RECORD SET >>

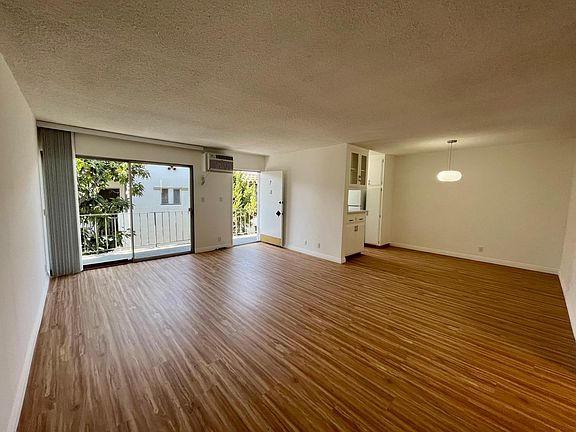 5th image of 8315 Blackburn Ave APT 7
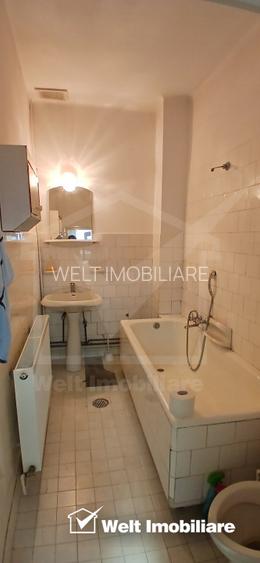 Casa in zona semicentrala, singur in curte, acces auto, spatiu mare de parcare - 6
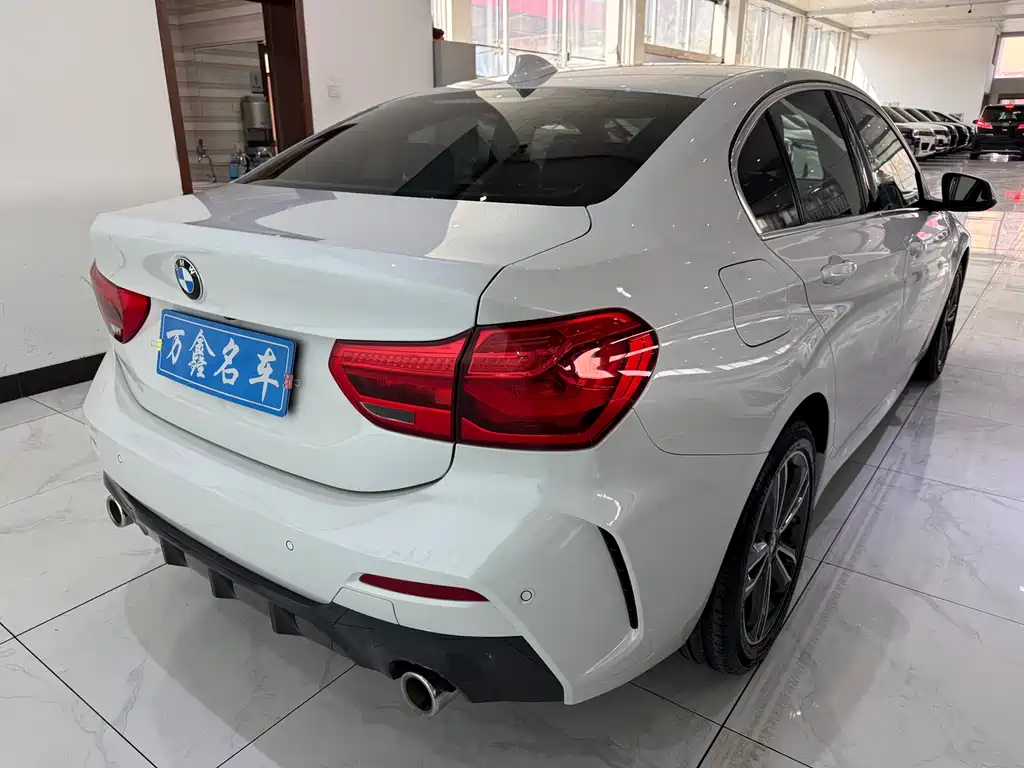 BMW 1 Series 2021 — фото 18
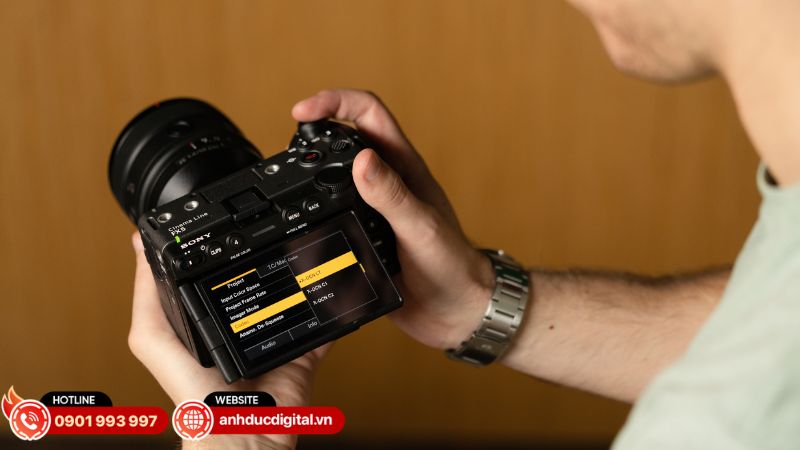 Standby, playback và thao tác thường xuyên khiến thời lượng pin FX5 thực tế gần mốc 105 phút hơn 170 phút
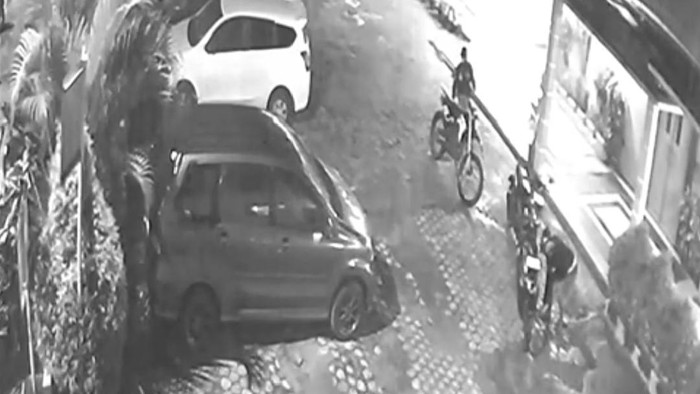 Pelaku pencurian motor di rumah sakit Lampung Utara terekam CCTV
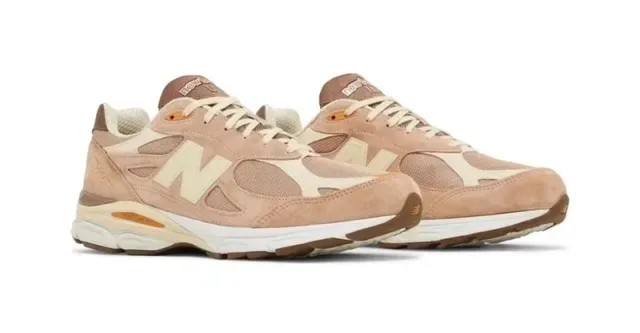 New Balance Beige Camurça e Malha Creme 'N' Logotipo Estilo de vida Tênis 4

--

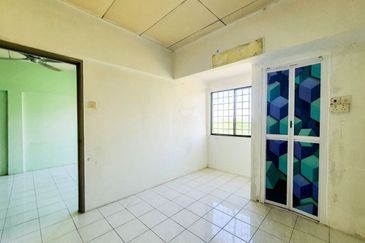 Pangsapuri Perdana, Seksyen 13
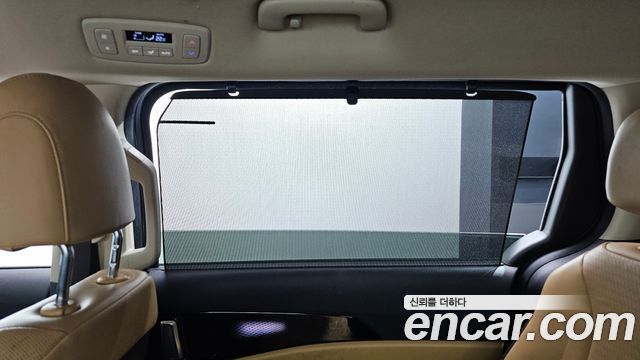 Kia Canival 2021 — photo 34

YOUR TASK >> Copy exactly the material above from the line with "Pelaku pencurian motor" to the line with "New Balance Beige", ends included, and nothing else. Leave out any picture.

ANSWER BOX >>
 Pelaku pencurian motor di rumah sakit Lampung Utara terekam CCTV
 New Balance Beige Camurça e Malha Creme 'N' Logotipo Estilo de vida Tênis 4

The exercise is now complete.